The CSPF is capable of accommodating medium to large compressor and turbine rotors (maximum diameter 34-in). In the ongoing compressor disk investigation, the facility is equipped with a metric fast-acting mechanism that has been developed to perform blade rubs at full engine speed. The facility is designed to allow insertion of a segment of engine casing into the path of the single or multiple bladed disk with predetermined blade incursion into the casing. The casing sector is mounted on a metric unit based on three piezoelectric load cells and attached to a support ring that swivels in the horizontal plane. The single throw by a fast acting gas piston attached to a cam follower is coupled to the support ring and brings the casing in and out of the path of the rotating blade for a few rubs over a time interval of about 20 milliseconds.
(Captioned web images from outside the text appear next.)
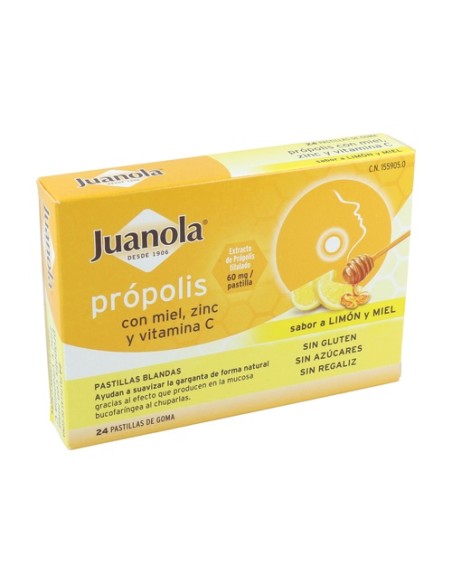 Própolis con miel, Zinc y Vitamina C 24 pastillas (Limón - Miel) Juanola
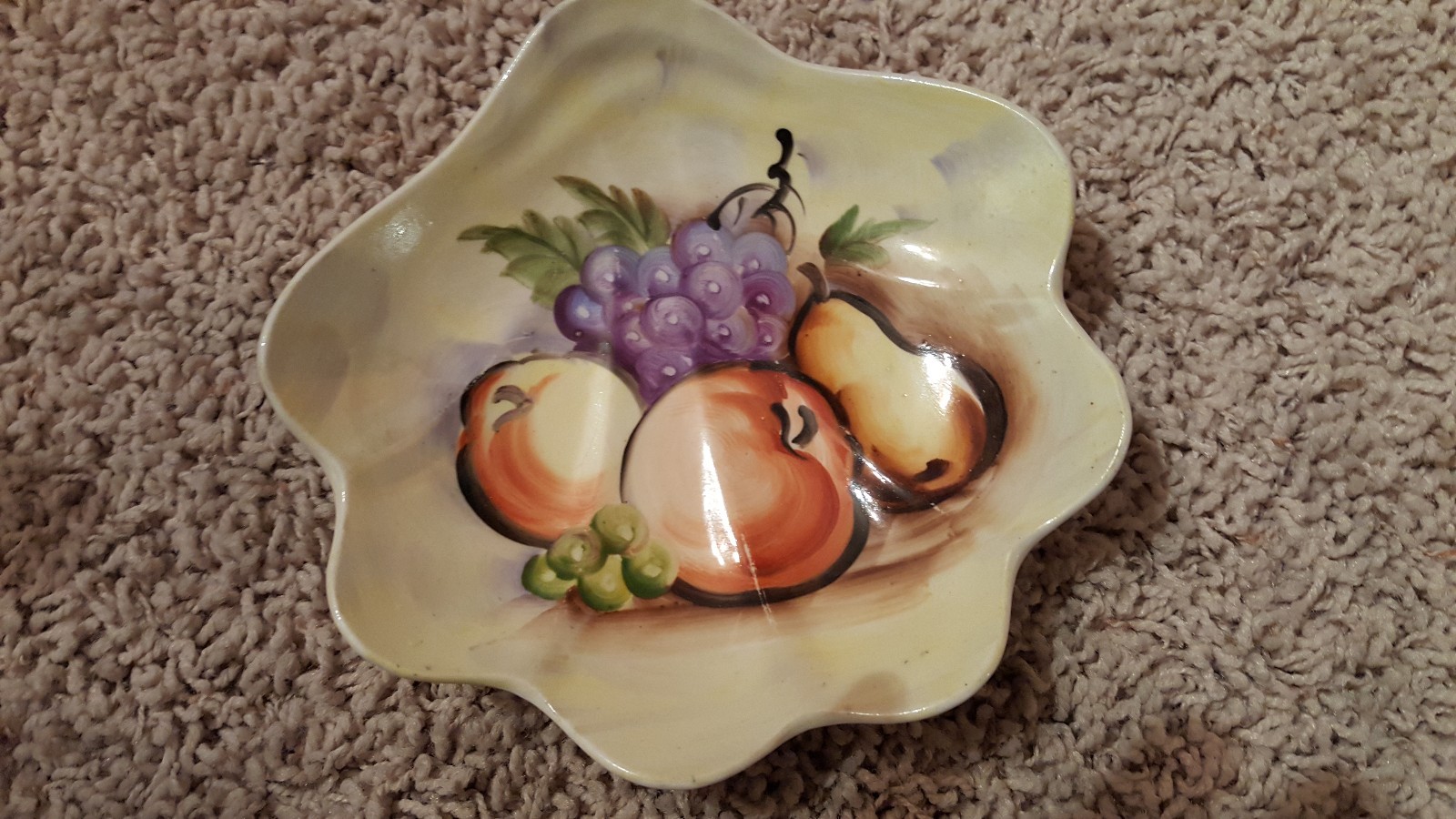 Vintage Japanese Ucagco Ceramics Scalloped Plate with Fruit eBay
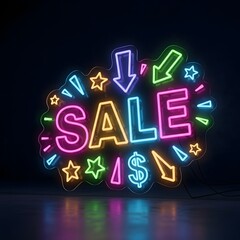 Colorful neon sign displaying the word 'SALE' surrounded by arrows and stars, creating an eye-catching advertisement for discounts and promotions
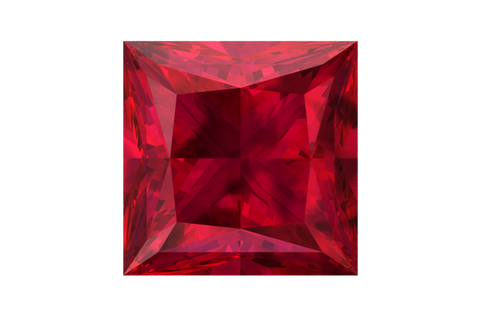 1 Carat / Lab-Grown Ruby / Princess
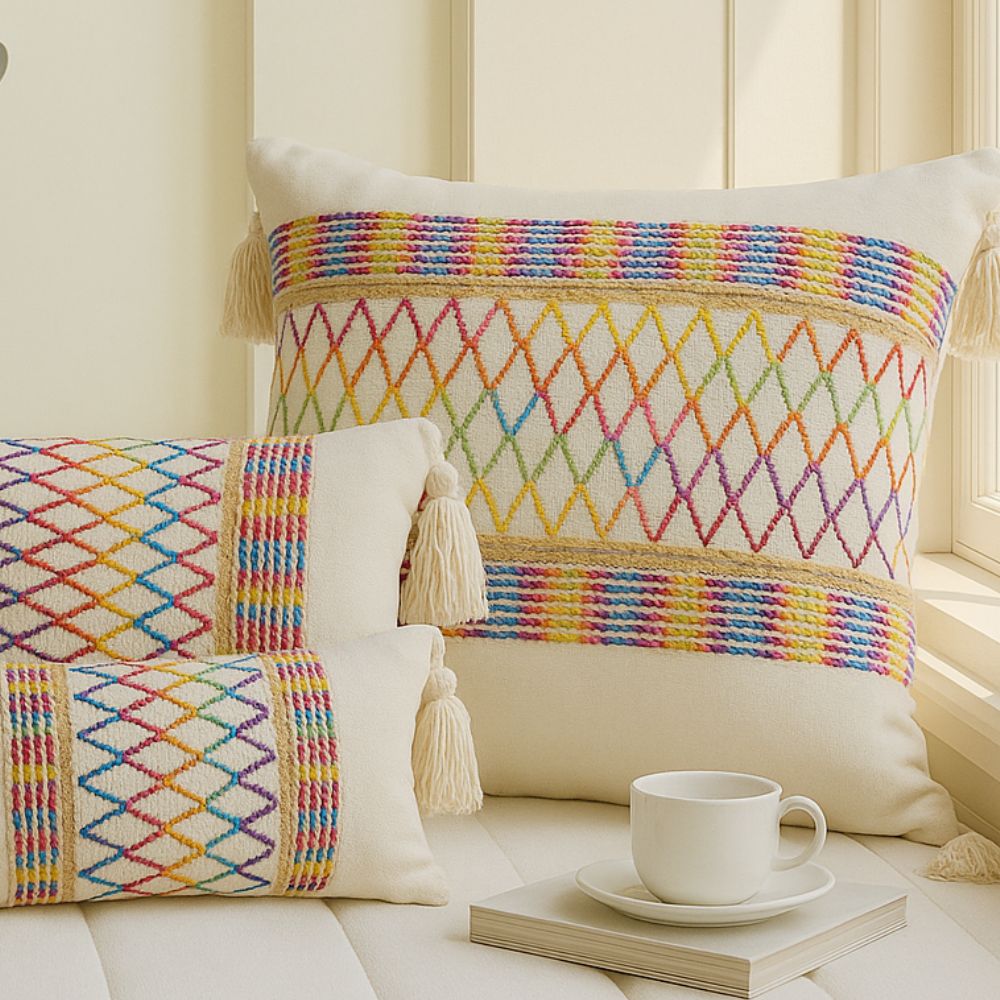 BowLift | Rainbow Lattice Tassel Cushion Cover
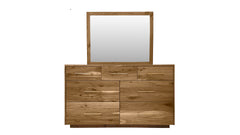 London Solid Walnut Modern 7 Drawer Dresser w/Mirror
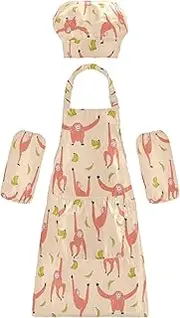 AIXIWAWA Kids Apron Chef Hat Set, Child Kitchen Bib Aprons Adjustable for Cooking Baking Painting (Bananas Monkeys)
The incursion of the rubs is prescribed by setting the initial position of the mechanism in increments of 0.2 thousandths of an inch.

Large Spin Pit Facility

The newest experimental facility at the Gas Turbine Laboratory is the Large Spin Pit Facility (LSPF). Building on the intense interest in data from the Compressor Spin Pit (CSPF) and lessons learned about the experimental process, this new facility is large enough to accommodate scaled bladed rotors up to 60 inches in diameter. Like the CSPF, its primary purpose is to study the physics of blade tip-rubs and other aeromechanic events.

 

Above ground spindle of LSPF.
Above ground spindle of LSPF.

Compared to the CSPF, distinctive features of the LSPF are a progressive incursion mechanism that allows control of the incursion rate and depth instead of just depth and optical access windows for high-speed imaging of the rub event.

In addition to continuing aeromechanics research, this facility can also be used for internal heat transfer experiments investigating the flow through large-scale blade cooling passages.